Every year at this time, wine lovers across the States seek out favorite wines to pair with their Thanksgiving meal. Mine are already selected; socializing with Arneis, cheese with Palo Cortado, Ruché with the turkey, and a nice grower Champagne for whenever. I guess the Riesling and Gigondas are also “whenever”. Why do we do this? Because a great meal likes great wine. But, the Thanksgiving meal is one based strongly on tradition. Turkey, goose, grains, squash, preserved fruits… these are all items thought to have been enjoyed by Pilgrims and their native neighbors in the colonists’ first Harvest Festival in the New World – later known as Thanksgiving. But what alcohol did they drink? There is little direct evidence available to answer this question, but it is unlikely that the first harvest meal involved any alcohol at all, as the newly arrived Pilgrim’s likely didn’t have any ale left from their passage. Even once they were more settled, wine was probably conspicuously missing from that table for a time; through the 17th century the Pilgrims who settled at Plymouth would have most commonly drunk ale and rum.
While the Pilgrims’ landing at Plymouth occurred in 1620, the social coding influencing their alcohol options begins prior to their departure from England in 1607. England (and Europe) of the 16th and 17th centuries was strongly divided through intertwined elements of class, challenges to existing political structure, and religious fervor and reform. This broad-scale movement was brought to a crescendo around 1517, when Martin Luther’s 95 points helped solidify the Protestant Reformation . It would be a few decades later that Henry VIII famously made the monarchy the head of the reformed Church of England in order to annul his marriage to Catherine of Aragon.

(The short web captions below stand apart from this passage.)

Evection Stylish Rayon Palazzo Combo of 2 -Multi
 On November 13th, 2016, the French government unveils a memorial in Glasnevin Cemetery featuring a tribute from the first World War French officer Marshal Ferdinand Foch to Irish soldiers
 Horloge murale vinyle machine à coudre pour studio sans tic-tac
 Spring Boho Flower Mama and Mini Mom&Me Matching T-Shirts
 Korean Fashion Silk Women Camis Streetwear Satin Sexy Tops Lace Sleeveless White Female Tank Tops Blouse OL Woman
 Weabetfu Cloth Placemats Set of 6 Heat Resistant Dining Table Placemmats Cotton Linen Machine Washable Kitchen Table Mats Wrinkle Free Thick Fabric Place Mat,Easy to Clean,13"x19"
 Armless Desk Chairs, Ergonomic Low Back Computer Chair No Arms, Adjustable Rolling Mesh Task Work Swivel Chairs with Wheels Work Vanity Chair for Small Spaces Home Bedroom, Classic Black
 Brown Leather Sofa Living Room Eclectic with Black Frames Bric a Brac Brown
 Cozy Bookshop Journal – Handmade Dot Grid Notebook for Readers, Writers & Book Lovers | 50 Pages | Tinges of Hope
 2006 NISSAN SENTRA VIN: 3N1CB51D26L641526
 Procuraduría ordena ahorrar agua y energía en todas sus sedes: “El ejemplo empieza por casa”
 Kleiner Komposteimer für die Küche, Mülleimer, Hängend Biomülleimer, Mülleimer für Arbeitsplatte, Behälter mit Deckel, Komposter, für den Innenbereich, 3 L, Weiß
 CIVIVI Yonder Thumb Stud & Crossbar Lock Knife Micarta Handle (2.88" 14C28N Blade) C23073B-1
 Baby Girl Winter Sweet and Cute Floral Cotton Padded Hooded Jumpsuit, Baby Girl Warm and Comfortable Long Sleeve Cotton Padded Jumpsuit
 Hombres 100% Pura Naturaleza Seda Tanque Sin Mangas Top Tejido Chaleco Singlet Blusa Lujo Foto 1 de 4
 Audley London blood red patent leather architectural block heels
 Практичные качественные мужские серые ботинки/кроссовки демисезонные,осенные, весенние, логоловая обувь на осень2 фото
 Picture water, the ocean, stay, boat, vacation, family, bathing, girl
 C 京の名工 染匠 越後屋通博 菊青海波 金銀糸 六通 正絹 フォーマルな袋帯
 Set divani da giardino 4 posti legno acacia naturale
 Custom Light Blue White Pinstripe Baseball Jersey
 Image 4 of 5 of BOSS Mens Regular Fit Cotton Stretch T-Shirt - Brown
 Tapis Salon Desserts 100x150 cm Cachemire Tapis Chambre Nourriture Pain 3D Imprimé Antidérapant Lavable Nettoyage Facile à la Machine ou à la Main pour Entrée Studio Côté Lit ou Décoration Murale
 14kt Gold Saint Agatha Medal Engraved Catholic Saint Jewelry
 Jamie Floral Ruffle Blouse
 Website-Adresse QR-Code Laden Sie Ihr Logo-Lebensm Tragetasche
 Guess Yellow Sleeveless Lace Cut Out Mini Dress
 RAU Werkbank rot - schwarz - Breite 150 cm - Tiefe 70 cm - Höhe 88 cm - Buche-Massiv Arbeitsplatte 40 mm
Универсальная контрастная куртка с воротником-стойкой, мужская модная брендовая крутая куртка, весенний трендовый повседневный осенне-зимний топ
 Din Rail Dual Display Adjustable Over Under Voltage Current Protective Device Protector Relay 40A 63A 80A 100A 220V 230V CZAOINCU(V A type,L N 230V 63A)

(An aside: Catherine of Aragon’s coat of arms included a pomegranate representing Granada, which had been absorbed into the Kingdom of Aragon in the late 15th century. It is also thought that this symbolized fertility, but I prefer Granada. Ever since I learned of this heraldry, I have decided that the lemon shall evermore be my own personal symbol.) Of course Henry’s “reforms” centered more on his own needs for validation to marry another woman who could produce a male heir than on grounds of papal and clerical excess. The group that comprised the Pilgrims were “separatists”; their view of the reformation of the Church of England was that it was too little, and too entrenched to be modified to their liking and thus they must separate from it. Moreover, they were not free to practice their beliefs free of persecution. So, they escaped to the relative tolerance of the Netherlands, to which we will return later.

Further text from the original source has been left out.